Hello - I'm after some help please.

Some years ago, my partner (at the time) and I took out some critical illness cover from then Royal & Sun Alliance (R&SA). It was sold to us by a rep who visited us and we were happy with the policy. It was a fixed term joint policy (25 yrs) and the payments were around £20pm and again fixed.

Around 18months or so in to the policy, we took a random call from one of their reps calling to make an appt for an annual review. A chap visited us, commented that everything was in order with our finances, but they had a much better Critical Illness Cover available and suggested that considering we were on a joint policy, it really did make sense to increase premiums by a slight amount and enjoy cover for both at a higher level. The payments were initially around £14 for me and £17 for my wife and we were told that the payments did move slightly on review (no more than inflation), as did the the insurance cover when inflation was added to premiums.

A few years on, premiums were increasing >10% per annum and the insurance cover was remaining static.
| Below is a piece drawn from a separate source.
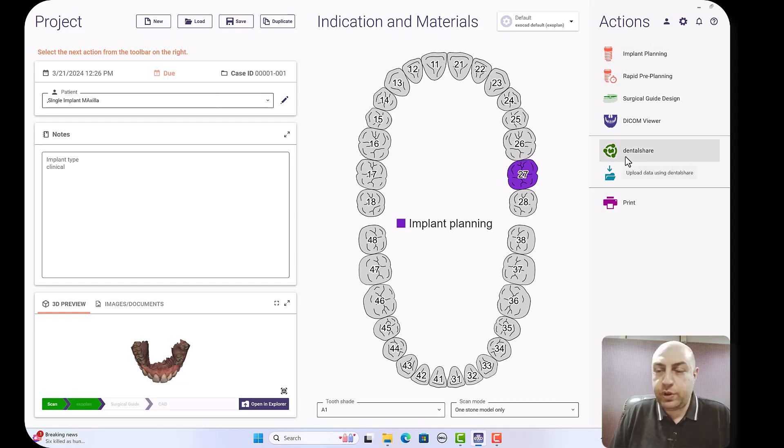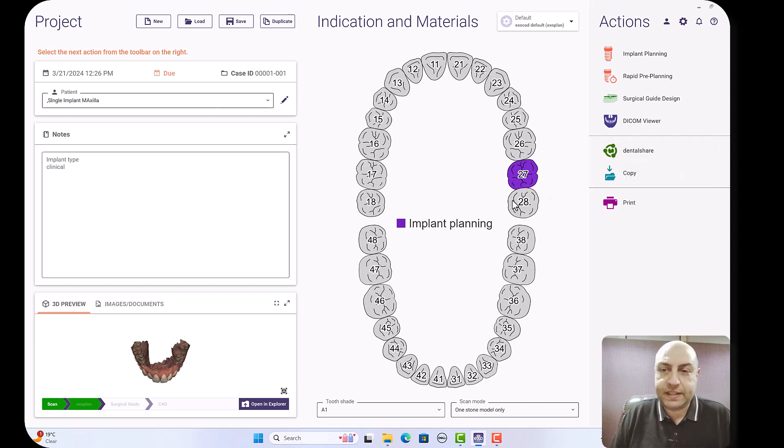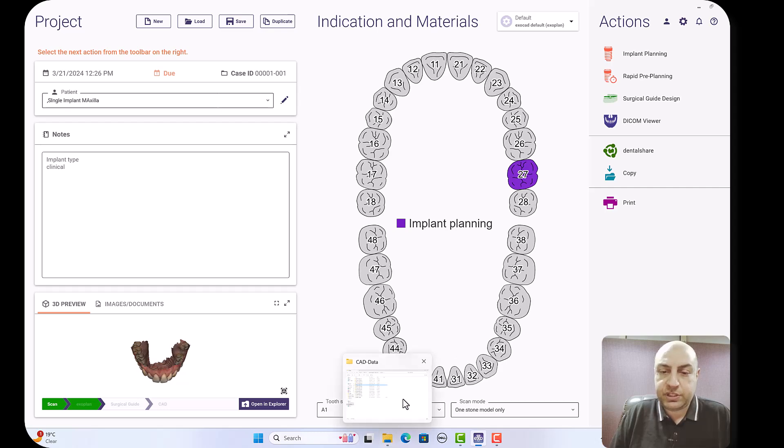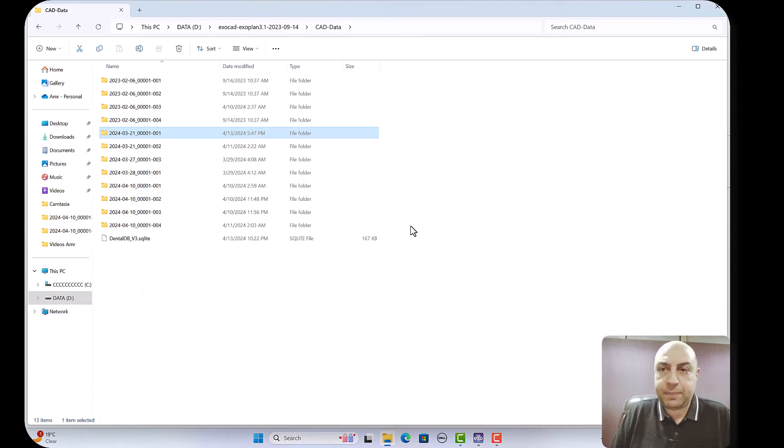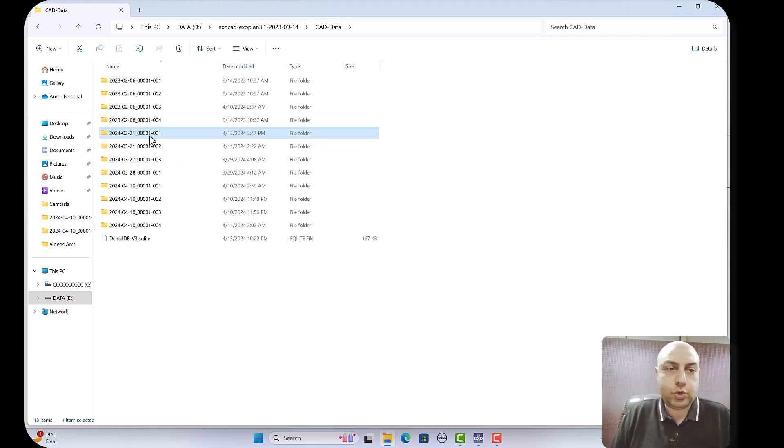So either if you're not going to fabricate the restoration yourself, you can use dental chair or you can copy the project, send it to the lab or put it in the database of Exocad software. I will show you how.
The payments were up to £50 each per month and we were forced to close one of these (my wifes) and the premiums had become unsustainable for us. My Dad died when I was a young lad (9) and I've probably always kept a level greater than I need on life insurance for my kids benefit and feel the same way about the critical illness insurance for the same reasons.
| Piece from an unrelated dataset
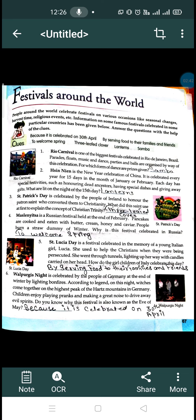The fourth one is Maslenitsa. Maslenitsa is a Russian festival celebrated at the end of February. They celebrate this festival at the end of February. At this time they make pancakes and eat butter and honey. Maslenitsa is celebrated to welcome spring.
(Sorry this is getting lengthy). In short, I made a complaint that I was felt I was targeted by R&SA (now Phoenix) to rid them of an unsustainable policy for them. Targeting us to get us off that fixed price/fixed term policy and onto a new one that allowed for inflation. Let alone a complaint on how the payments had rocketed and the policy payout levels hadn't (as promised)! They rejected it. What happened next, well I engaged back with them and sent them another letter - I then forgot about this until the next premium hike came ( :( ). In short, I lost the right to take this to the Ombudsman - I did, but they couldn't do anything with it as too much time had elapsed (six months). So questions if anyone can help?

Ar
  • e there any firms that will take on such claims (such as they do with PPI)?
  • Has anyone suffered to the same fate with R&SA and targeted switching to their then "Universal Policy"?
  • Any guid
ance on how to take this to court?

If you've got this far - a million thanks for taking the time to read and I much appreciate any help or advice.:A

Cheers :beer:
________________________________________
Explain yourself Mr. N. Loggin. :mad:
«1

Comments

  • kingstreet
    kingstreet Posts: 39,347 Forumite
    Part of the Furniture 10,000 Posts Name Dropper Photogenic
    What was the inception date of the policy?

    Pre 29 April 1989?

    Between 29 April 1989 and January 2005?

    After January 2005?

    It sounds like the salesman (that's just what they are) saw an opportunity to "churn" your simple term assurance product and sell you a flexible unit-linked whole life to replace it.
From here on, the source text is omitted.